** Recorded data **
-.-.-

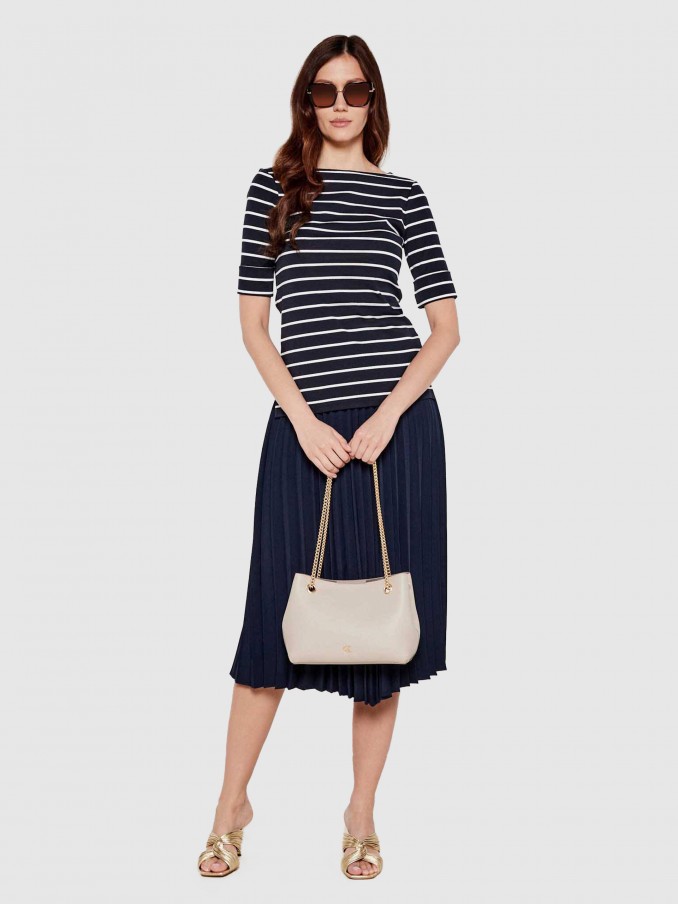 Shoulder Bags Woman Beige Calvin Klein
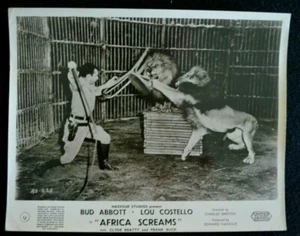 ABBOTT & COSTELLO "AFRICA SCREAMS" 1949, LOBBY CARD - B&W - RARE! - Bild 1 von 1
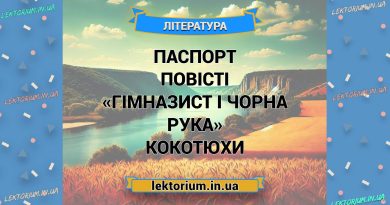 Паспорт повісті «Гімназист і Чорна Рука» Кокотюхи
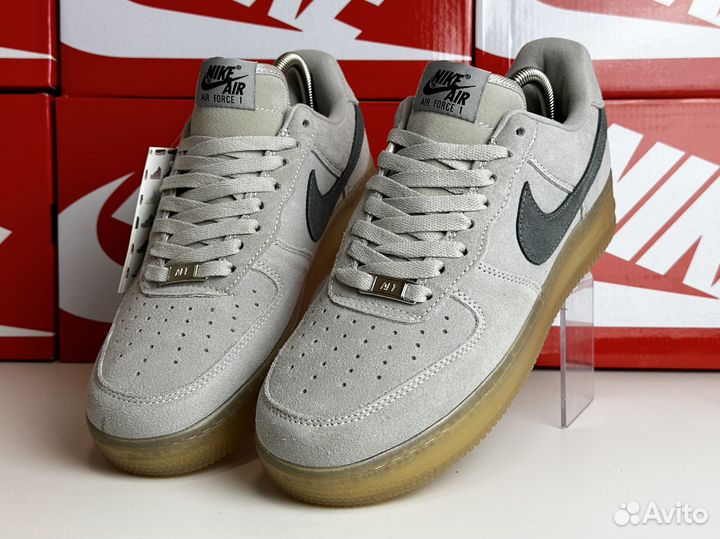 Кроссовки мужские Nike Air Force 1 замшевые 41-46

-.-.-

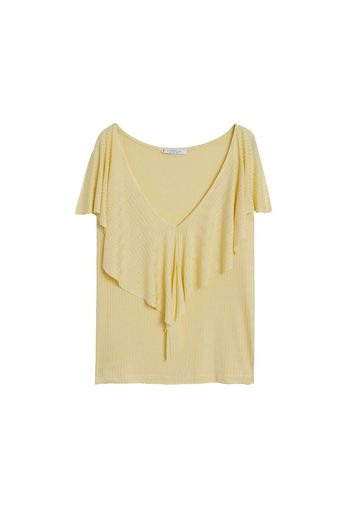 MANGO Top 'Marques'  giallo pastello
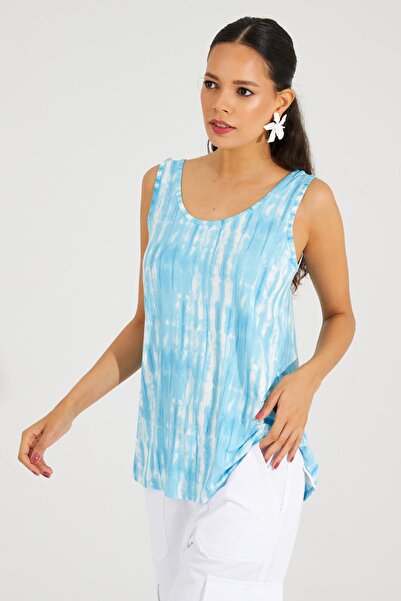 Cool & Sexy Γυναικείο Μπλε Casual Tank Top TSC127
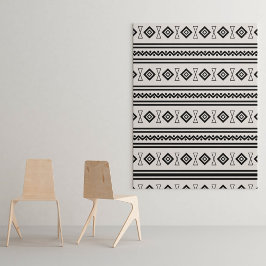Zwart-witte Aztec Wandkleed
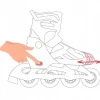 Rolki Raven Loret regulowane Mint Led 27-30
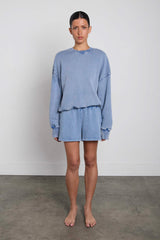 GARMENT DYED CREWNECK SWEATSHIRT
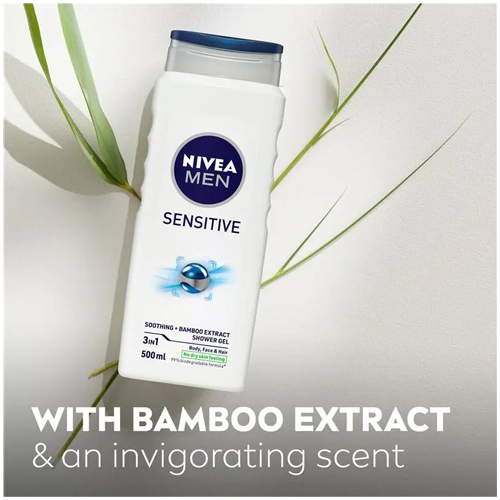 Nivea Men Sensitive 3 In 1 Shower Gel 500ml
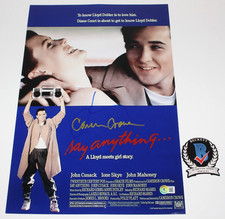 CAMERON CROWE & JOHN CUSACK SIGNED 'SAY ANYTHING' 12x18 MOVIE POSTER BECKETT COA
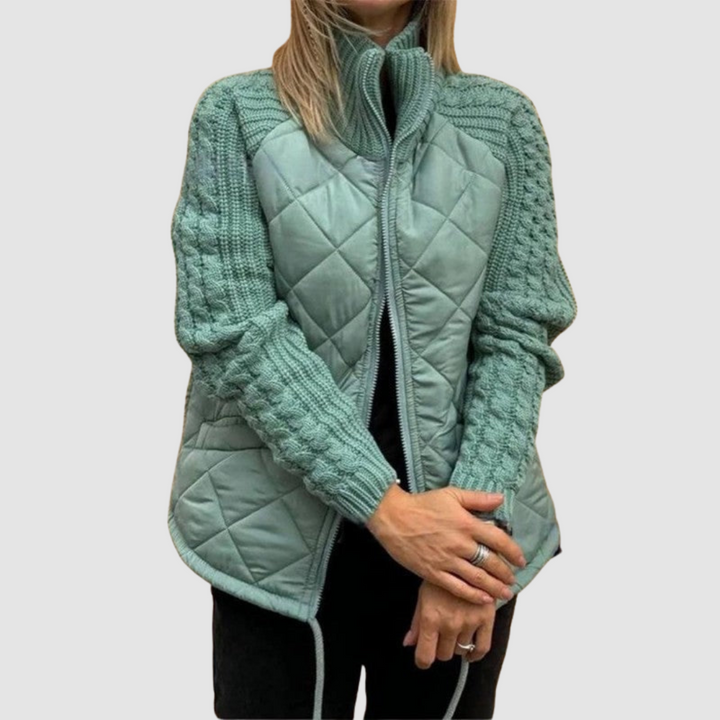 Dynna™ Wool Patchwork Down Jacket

-.-.-

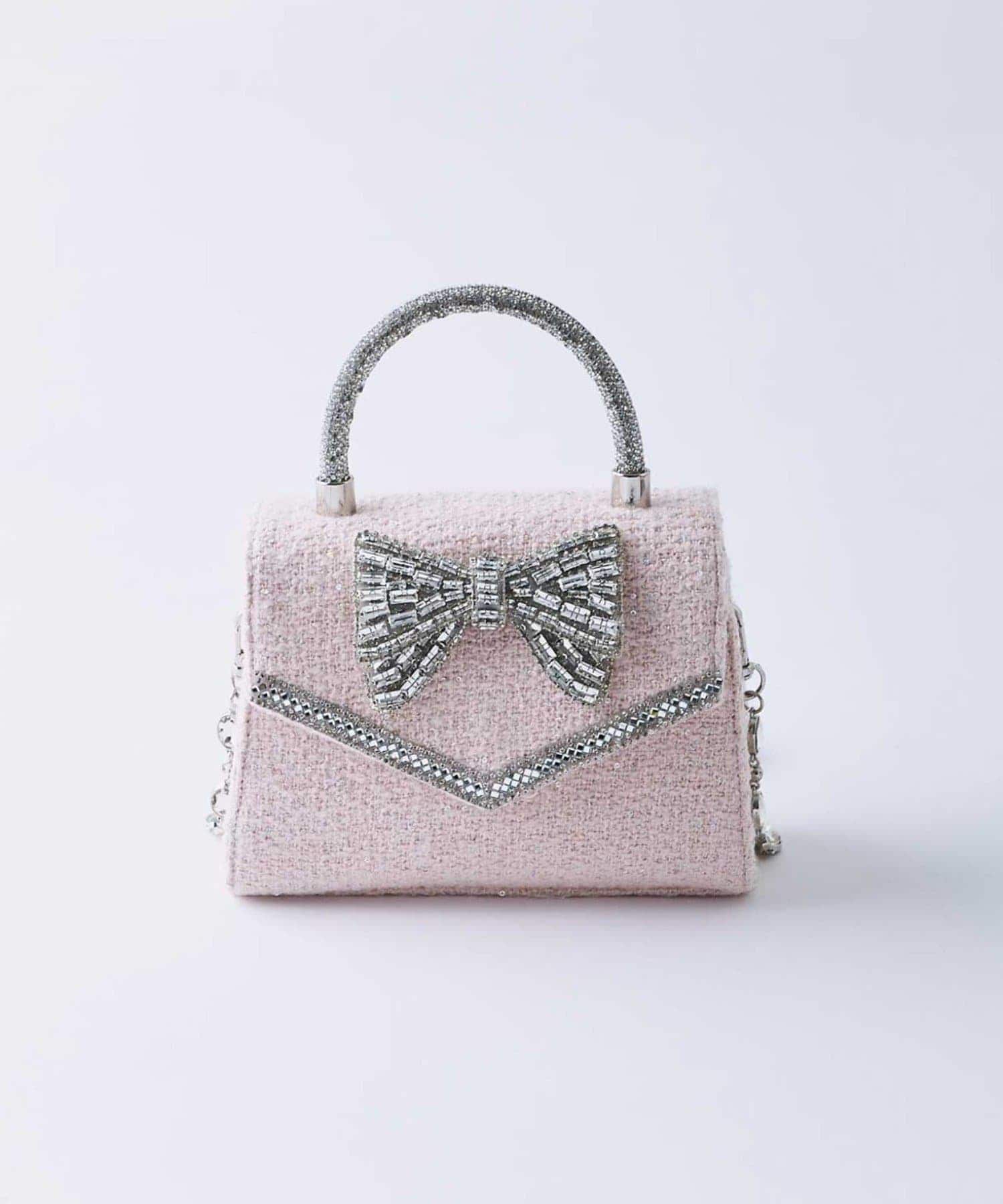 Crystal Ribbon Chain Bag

-.-.-

** Exercise brief **
When you reach the line with "ABBOTT & COSTELLO" in the records above, begin repeating the lines exactly, and stop after the line with "Кроссовки мужские Nike". Skip all pictures.

** Output for this exercise **
 ABBOTT & COSTELLO "AFRICA SCREAMS" 1949, LOBBY CARD - B&W - RARE! - Bild 1 von 1
 Паспорт повісті «Гімназист і Чорна Рука» Кокотюхи
 Кроссовки мужские Nike Air Force 1 замшевые 41-46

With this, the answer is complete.